Ainda no âmbito da gestão de resíduos, a associação adverte que “há várias metas de reciclagem que não estão a ser cumpridas” pelas entidades gestoras. No entender da Zero, isto acontece porque “não há ainda incentivos suficientes” para o cumprimento das respetivas metas, sendo “mais dispendioso enviar [os resíduos] para reciclagem". “A taxa de gestão de resíduos [TGR] é tão baixa que é muito melhor para as entidades não cumprirem as meta, lamenta Susana Fonseca, referindo-se à taxa que penaliza diretamente as entidades gestoras, que pagam um valor mais alto quando os resíduos são colocados em aterro ou incinerados. 

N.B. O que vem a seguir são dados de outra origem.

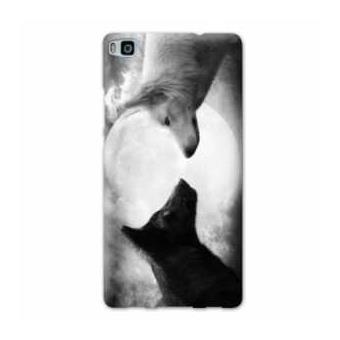 coque huawei p8 lite loup coque huawei p8 lite loup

Nesse sentido, a Zero propõe um aumento da TGR paga pelo incumprimento das metas por parte das entidades gestoras dos diversos fluxos de resíduos.

No âmbito da gestão de recursos hídricos, Susana Fonseca chama a atenção para a "enorme desigualdade entre setores" na cobrança da taxa de recursos hídrico. "Os utilizadores domésticos contribuem com 66% das receitas do taxas da taxa de recursos hídricos, mas só consomem 13%. Quem consome a 'fatia de leão' é o setor agrícola, que só contribui com 4,9% das receitas. Não deveria ser assim, tem de haver um maior equilíbrio das responsabilidades", argumenta a vice-presidente da Zero. 

A associação defende ainda um maior incentivo à mobilidade elétrica, sugerindo desde logo o alargamento da oferta de passes para transportes coletivos "ao país inteiro", e não apenas em Lisboa. Além disso, a associação critica o reembolso parcial do imposto sobre o gasóleo e gás profissional, no caso de empresas de transporte de mercadorias e transporte coletivo de passageiros, alegando que esta medida leva ao prolongamento de veículos a combustíveis fósseis em circulação. "Muitas empresas oferecem viaturas ou vales de combustível aos seus funcionários", lamenta, sugerindo, em alternativa, maiores incentivos incentivos à conversão das frotas que usam combustíveis fósseis para frotas elétricas ou a hidrogénio verde.

A Zero apela ainda ao Governo para que "dê o exemplo" e deixe de adquirir veículos que não sejam elétricos já a partir do próximo ano.

6. Equipar a justiça "com meios do século XXI"

Também na Justiça há questões que urgem ser resolvidas neste Orçamento do Estado para 2024. Numa altura em que todos os dias são adiados julgamentos devido à greve dos funcionários judiciais, o advogado Rogério Alves chama a atenção para a necessidade de "equipar a justiça com meios próprios do século XXI", apostando na evolução tecnológica dos tribunais, de forma a facilitar a recolha de depoimentos e a comunicação com tribunais exteriores, entre outros processos essenciais para o decorrer dos trabalhos.

"Tem de haver um maior investimento em meios técnicos, por um lado, e no funcionamento dos atos de justiça e dos órgãos de investigação criminal, por outro. Não se pode continuar a esperar um ano por uma perícia", argumenta.

Além do investimento material, o advogado defende um maior investimento nos recursos humanos, assumindo que o Governo deveria "aproveitar o Orçamento do Estado para resolver o problema dos vencimentos das pessoas que trabalham na justiça e que, tal como acontece noutros setores profissionais, ganham miseravelmente".